The results, which were confirmed by the Department of Elections on Tuesday, October 7, showed that voters at Morris Early Childhood  had the closest margin, with just 53% percent of voters approving the measure. Milford High School had 58 % and Banneker Elementary 56 % voting to approve the increase in taxes. Sixty-three percent of absentee ballots voted yes for the referendum.

“I absolutely want to thank everyone, especially our teachers who came through to support this measure,” said Dr. Phyllis Kohel, Superintendent. “We also know that we will need the same support in the future as our district grows. This vote shows that our community truly supports what we are trying to do and it has taken the everyone’s efforts to make this happen. We are truly grateful and thankful for the community’s trust and support as we work to provide excellent education to the children of Milford School District.”

According to Dr. Kohel, the need for the referendum was not due to mismanagement on the part of the district and more to do with cuts at both the state and federal level. Over the past five years, the Delaware Department of Education has passed more than $3.4 million in cuts to local school districts, requiring Milford to reach into their contingency funds for regular operating costs over those years. Had the referendum not passed, the district said they would no longer be able to meet their payroll obligations at the end of the 2016-17 school year, requiring the state to send a financial recovery team to determine what programs or positions would need to be cut in order to balance the budget.

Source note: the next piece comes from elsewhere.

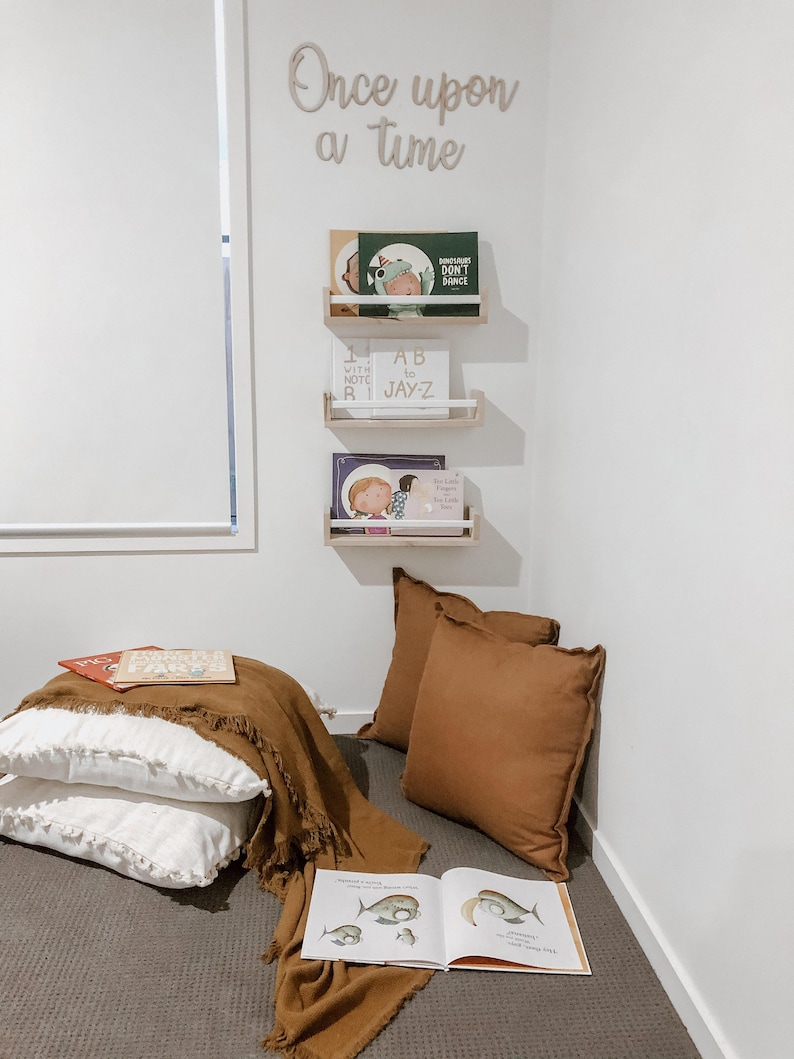 May include: A cozy reading nook with a brown rug, two white pillows with fringe, a brown throw blanket, and three bookshelves with children's books. The shelves are mounted on a white wall with the words "Once upon a time" written in cursive.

In addition to addressing the budget shortfall, the increase in taxes, which will amount to $140 per year or $12 per month for the average homeowner in Milford, will also allow the district to restore programs that had been cut in an effort to balance the budget. It would also allow the district to recruit and retain highly-qualified teachers and support increased operational costs. The district is also considering adding programs, especially at the high school level, designed to help students who wish to enter certain trades upon graduation. This could include a Certified Nursing Assistant (CNA) program in conjunction with Bayhealth.

“A strong and supportive culture surrounding our education system in Milford sends a signal to our growing community that the residents of Milford are committed to investing in future generations, helping them remain competitive after secondary education and preparing them for leadership roles in our community,” said Mayor Bryan Shupe. “Although the operations referendum has passed, it is up to the residents of Milford School District to be involved in the decision-making process of our schools at every level. Whether it is through the Milford School Board, school organizations or even at the classroom level, parents and residents must be engaged now to ensure the future they envision for our schools is pursued and achieved. There are many challenges on the road ahead, and with the help of our community, the Milford School District can become not only the best district among Southern Delaware schools, but the best district in the state.”